The company has included financial measures throughout this earnings release that are not in accordance with GAAP. Management believes that these measures, when presented in conjunction with the comparable GAAP measures, are useful to both management and its investors in analyzing the company’s ongoing business and operating performance. Consequently, management uses these non-GAAP financial measures as indicators of the company’s business performance, as well as for operational planning and decision making purposes. Non-GAAP financial measures should be considered in addition to, but not as a substitute for, or superior to, financial measures prepared in accordance with GAAP. All financial measures in this press release are in accordance with GAAP unless otherwise indicated.

“With the completion of our first full quarter since the deal break, Humana’s strong 2Q17 results and increase in full-year guidance demonstrate the strength of our integrated care delivery strategy,” said Bruce D. Broussard, Humana’s President and Chief Executive Officer. “It’s our talented team that’s made this possible. Throughout the lengthy deal period, our associates never wavered in their focus and commitment to our members, provider partners and shareholders. It’s because of this that we continue to make strides in advancing our strategy while delivering strong operating performance.”

The GAAP consolidated pretax income for 2Q17 of $1.04 billion rose $406 million, or 64 percent, compared to GAAP consolidated pretax income of $636 million in 2Q16 primarily due to year-over-year improvement in earnings for the company’s individual Medicare Advantage and Individual Commercial businesses, partially offset by lower pretax earnings in the Group and Specialty and Healthcare Services segments.

The Adjusted consolidated pretax income for 2Q17 of $942 million rose $34 million, or 4 percent, versus $908 million in 2Q16 primarily reflecting the same factors impacting the GAAP comparison, while excluding the impact of the items detailed in the consolidated pretax income table above.

GAAP consolidated pretax income for 1H 2017 of $2.73 billion increased $1.60 billion, or 140 percent, from $1.14 billion in 1H 2016. The increase primarily reflects the net gain associated with the terminated merger agreement, mainly the break-up fee recognized in the first quarter of 2017, along with the factors impacting the second quarter comparison.

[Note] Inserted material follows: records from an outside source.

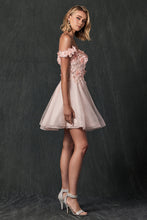 Load image into Gallery viewer, Juliet Collection 861
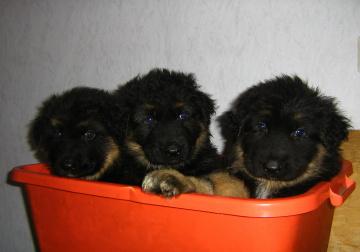 Altdeutsche Schäferhund Welpen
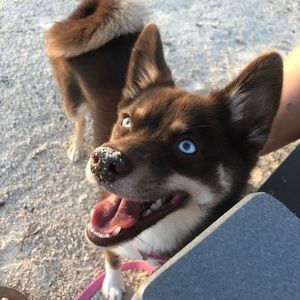 Meet your Posher, Christina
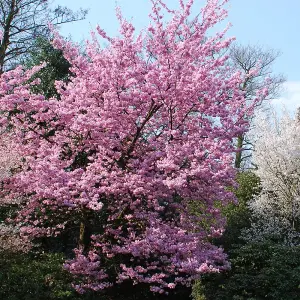 Prunus Jacqueline Tree - Stunning Autumn Foliage, Pink Flowers, Low Maintenance, Frost Hardy (5-6ft)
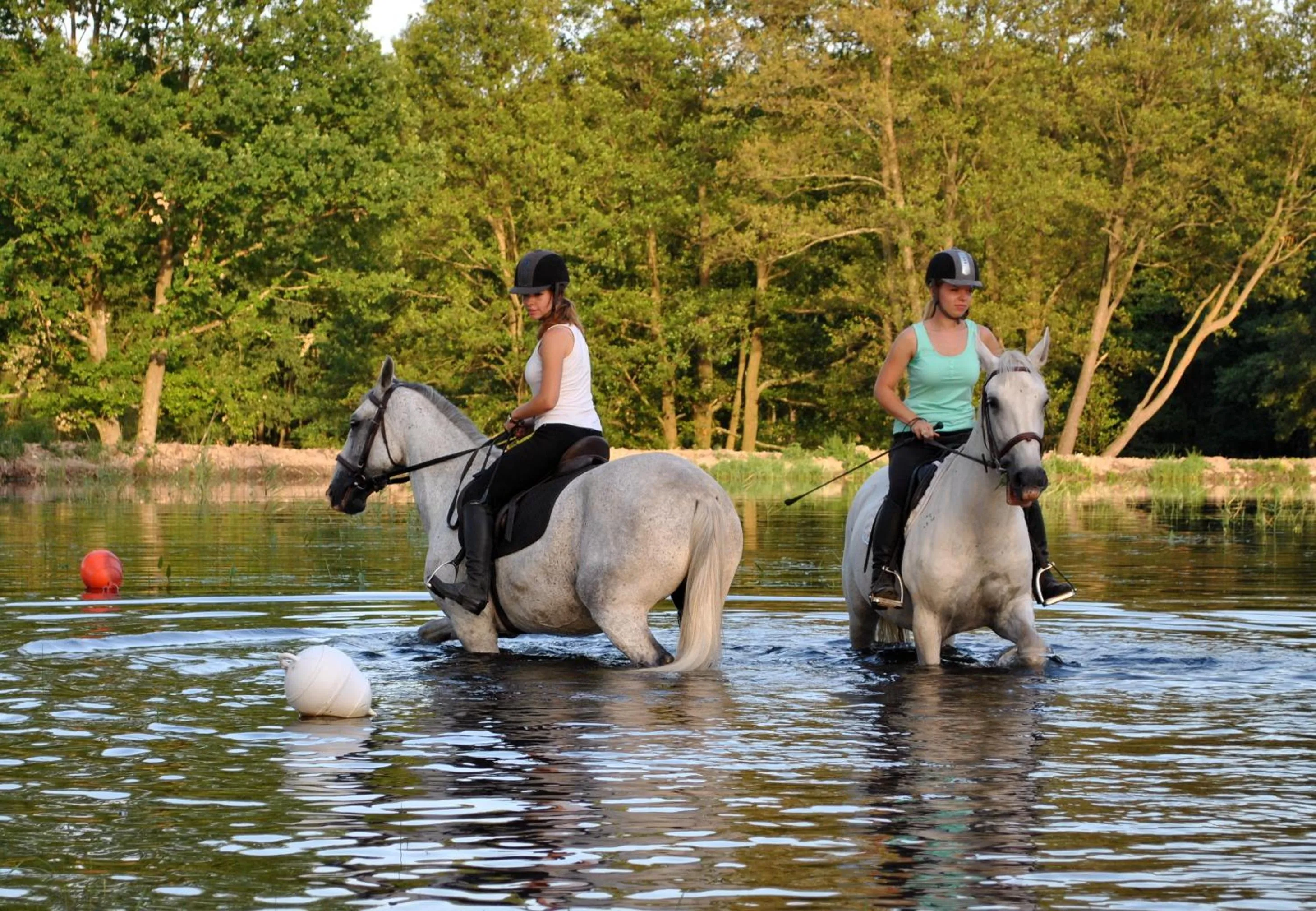 Horse-riding in Hotelový a jezdecký areál Dvůr Krutěnice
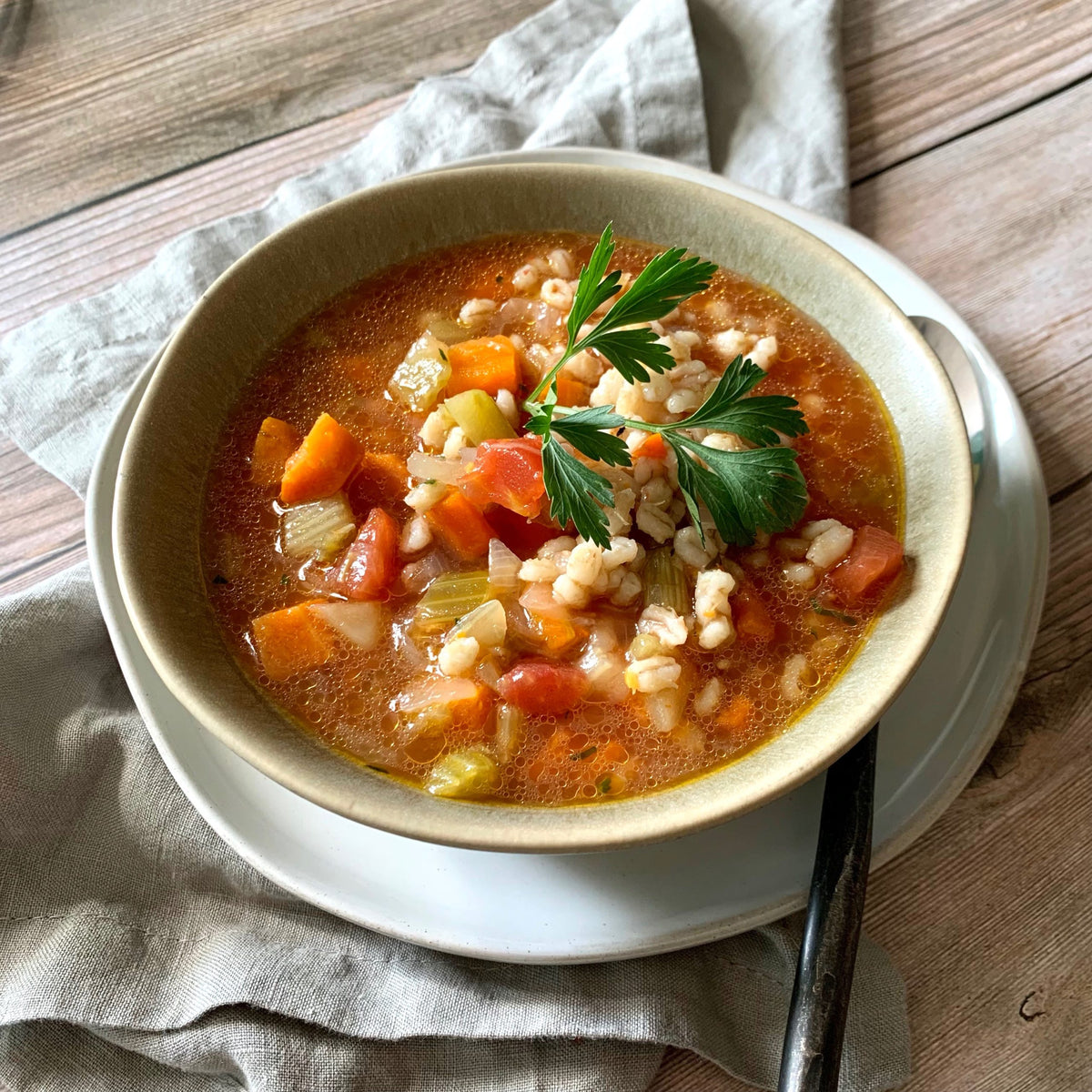 Vegetable Barley Soup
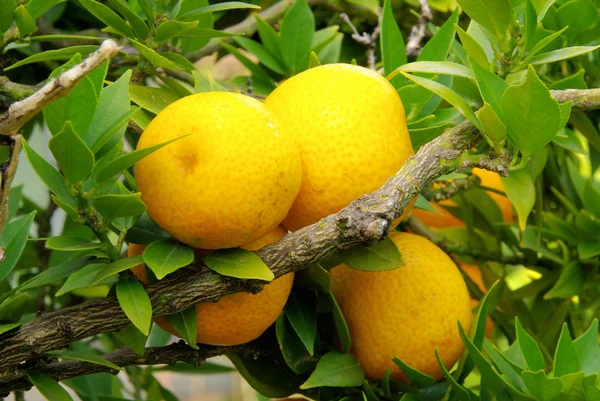 Zitrone dilerim baum - limon ağacı 04 üzerinde — Stok fotoğraf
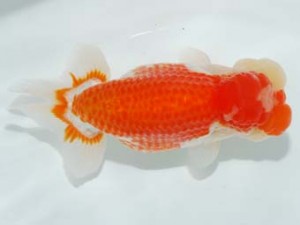 観栄らんちう会　高橋和敬　石巻市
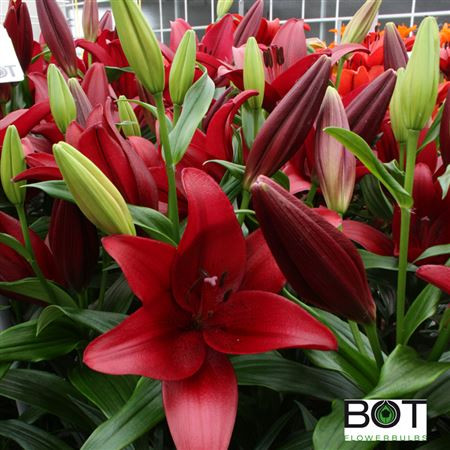 Lilium S Or Du Isabella
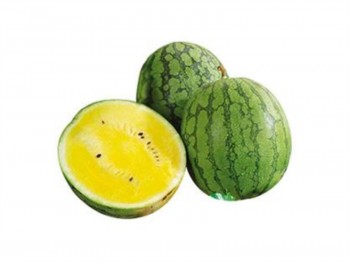  YELLOW WATERMELON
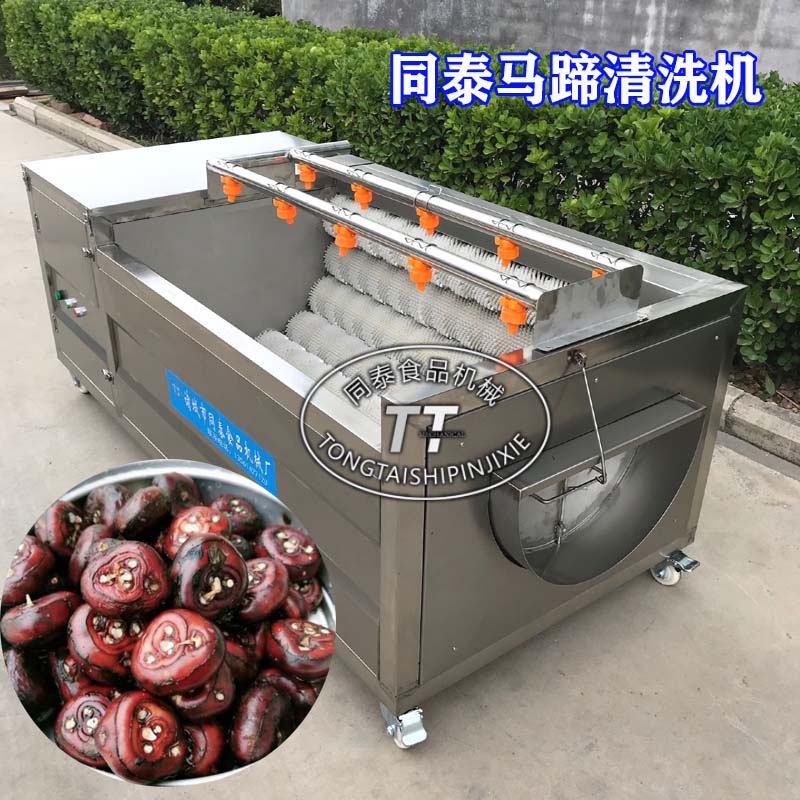 同泰小型全自动荸荠清洗去皮机洗马蹄果机器TQX-700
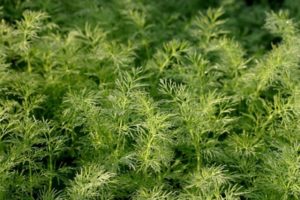 Description of the dill variety Salute, recommendations for growing and care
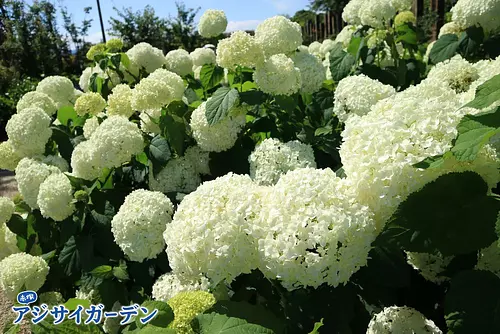 เทศกาลดอกไฮเดรนเยีย สวนดอกไฮเดรนเยีย Akatsuka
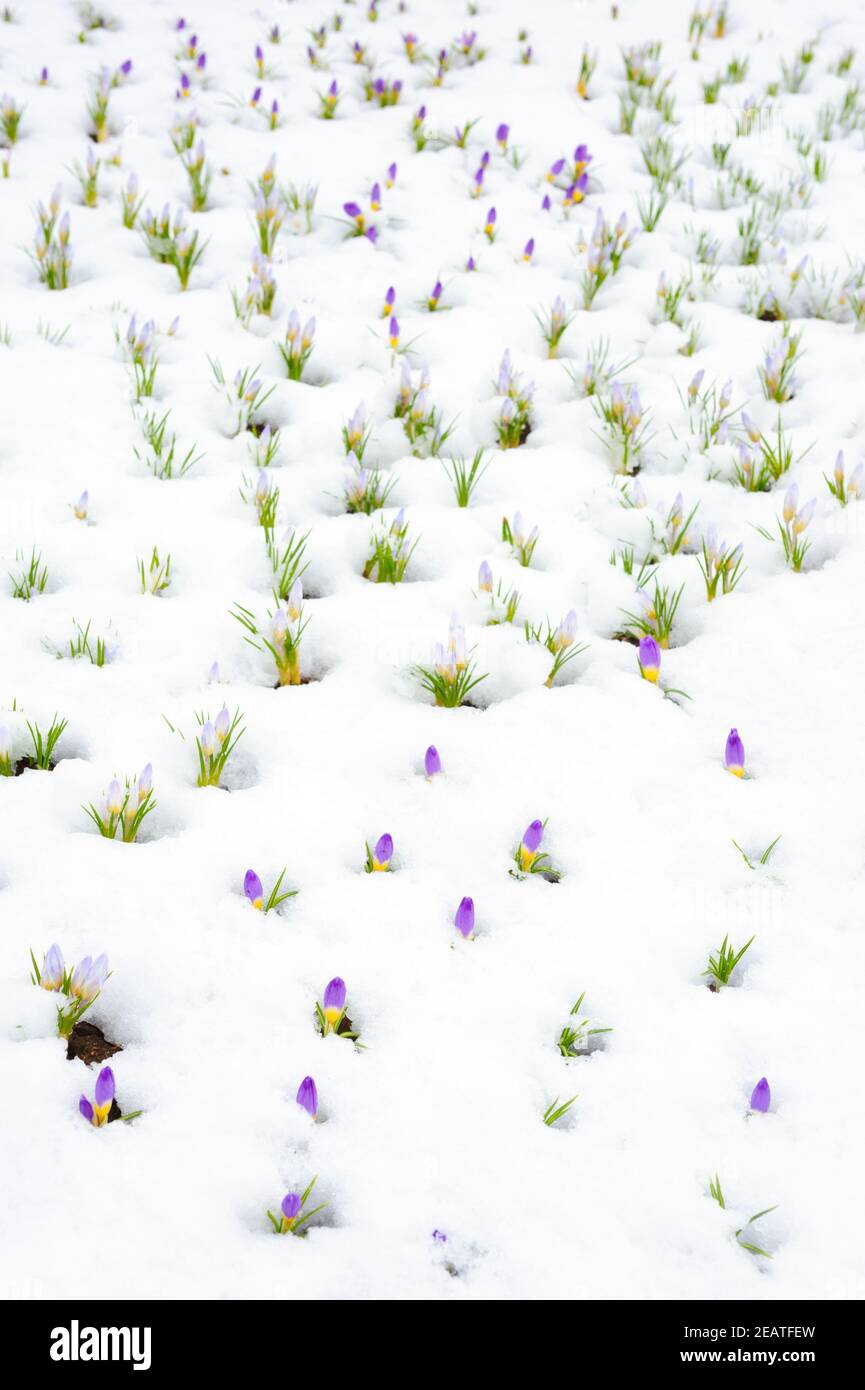 Crocus Blumen entstehen durch Schnee im Frühjahr Stockfoto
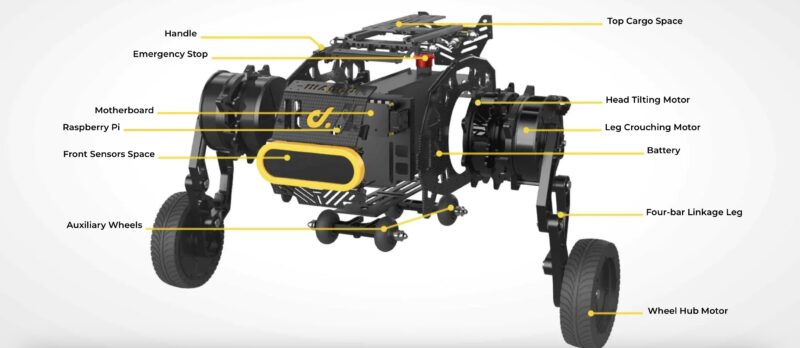 Robot Construction Programmation 2 roues auto-équilibrage Diablo World Direct Drive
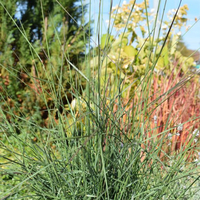 muehlenbergia-capillaris-3619.jpg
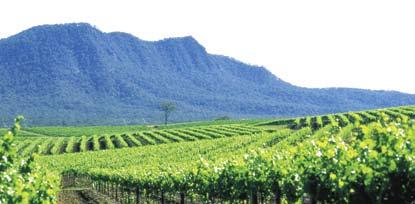great food and amazing wines to excite your taste buds. With over 100 wineries set amongst picturesque landscape, the Hunter Valley region has so much to offer.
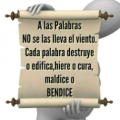 XANDERYES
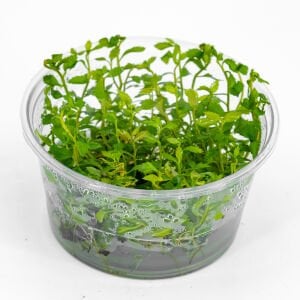 Proserpinaca palustris 'Cuba IN VITRO CUP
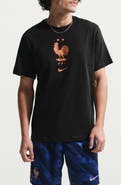 Nike FFF Crest Cotton Graphic T-Shirt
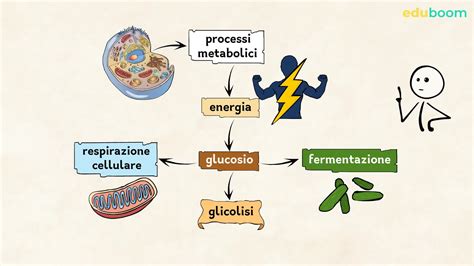 schema del metabolismo della gemma con biopromotori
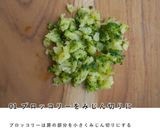 犬ご飯/鮭とブロッコリーの豆乳シチュー作り方2写真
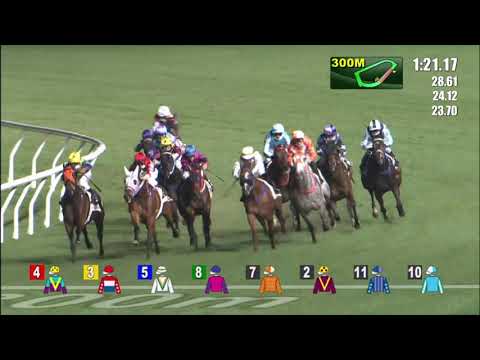 16/12/2020 (272) V Chevaliers -  A Badel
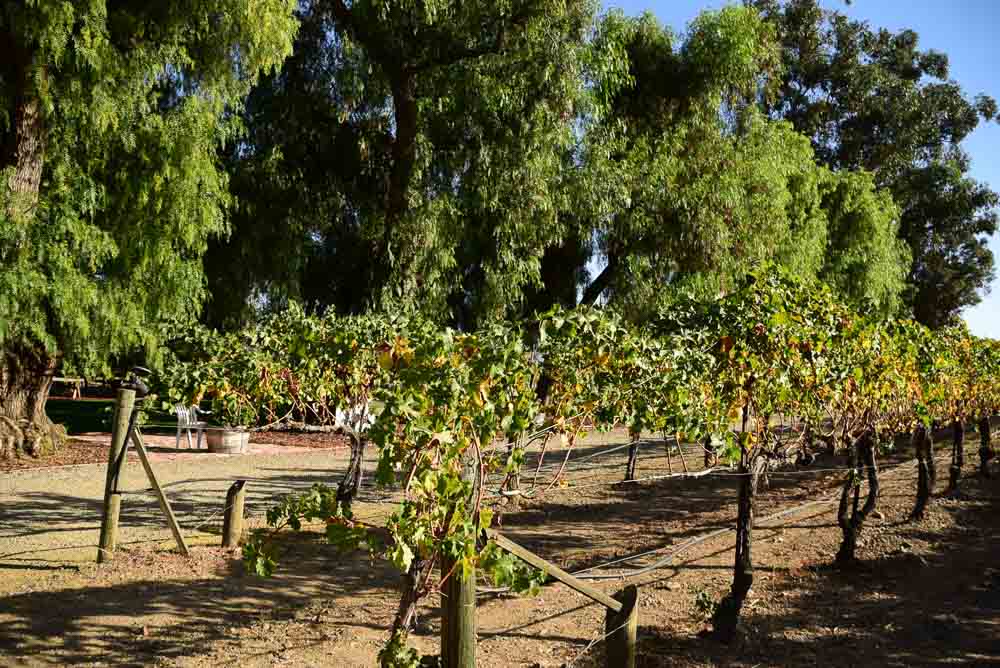 Best Spots for Livermore Wine Tasting (2022) - from Trolley to Winery to Bar 25 california_livermore_retzlaff-vineyard-grapes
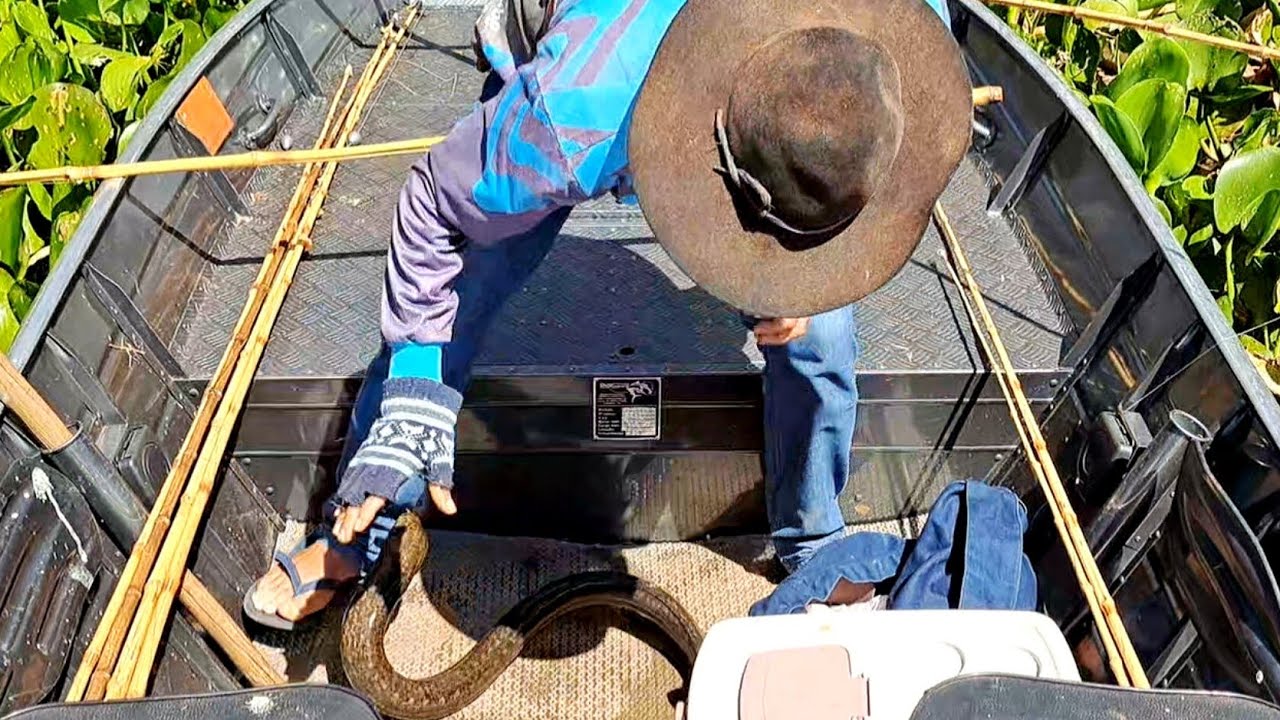 MUITA GENTE ABANDONARIA TUDO E SAIRIA CORRENDO , NUNCA VI DESSE TAMANHO./PESCARIA DE TRAÍRA GIGANTE.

The Adjusted consolidated pretax income for 1H 2017 of $1.69 billion increased $218 million, or 15 percent, versus $1.48 billion in 1H 2016 primarily reflecting the same factors impacting the GAAP comparison, while excluding the impact of items noted in the table above.

Further discussions of each segment’s financial results are included in the segment highlights below.

The year-over-year changes in GAAP EPS for 2Q17 and 1H 2017 reflected the same factors impacting the GAAP consolidated pretax income comparisons year over year as well as the beneficial effect of the lower effective tax rate in light of pricing and benefit design assumptions associated with the temporary suspension of the health insurance industry fee in 2017. The year-over-year increases in Adjusted EPS for 2Q17 and 1H 2017 reflected the same factors impacting the Adjusted consolidated pretax income comparisons year over year. In addition, the second quarter and year-to-date comparisons of both GAAP and Adjusted EPS are favorably impacted by a lower number of shares used to compute EPS, primarily reflecting share repurchases in the first quarter of 2017, including the previously disclosed accelerated stock repurchase (ASR) program.

“We are pleased that our individual Medicare Advantage business is significantly outperforming our previous expectations, reflecting our focus on operational excellence and the solid execution of our strategy,” said Brian A. Kane, Senior Vice President and Chief Financial Officer. “We were therefore able to invest this outperformance in 2018 benefit designs, resulting in stable and competitive benefits for 2018 despite certain headwinds, in particular the return of the health insurance industry fee.”

2017 Earnings Guidance

Humana today raised its GAAP and Adjusted EPS guidance for the year ending December 31, 2017 (FY17). FY17 GAAP EPS was increased to approximately $17.83 from the previous guidance of at least $16.91, while Adjusted EPS was increased to approximately $11.50 from the previous guidance of at least $11.10. The increases in FY17 guidance for both GAAP and Adjusted EPS were primarily driven by the strong results in the Retail segment, largely attributable to the company’s individual Medicare Advantage business, partially offset by lower than expected Healthcare Services segment pretax income due to lower than anticipated pharmacy utilization and the continued optimization of our chronic care management programs. The individual Medicare Advantage business is exceeding its operational targets, experiencing lower than anticipated utilization, higher than expected revenue on a per member basis and favorable medical fee-for-service claims reserve development (Prior Period Development).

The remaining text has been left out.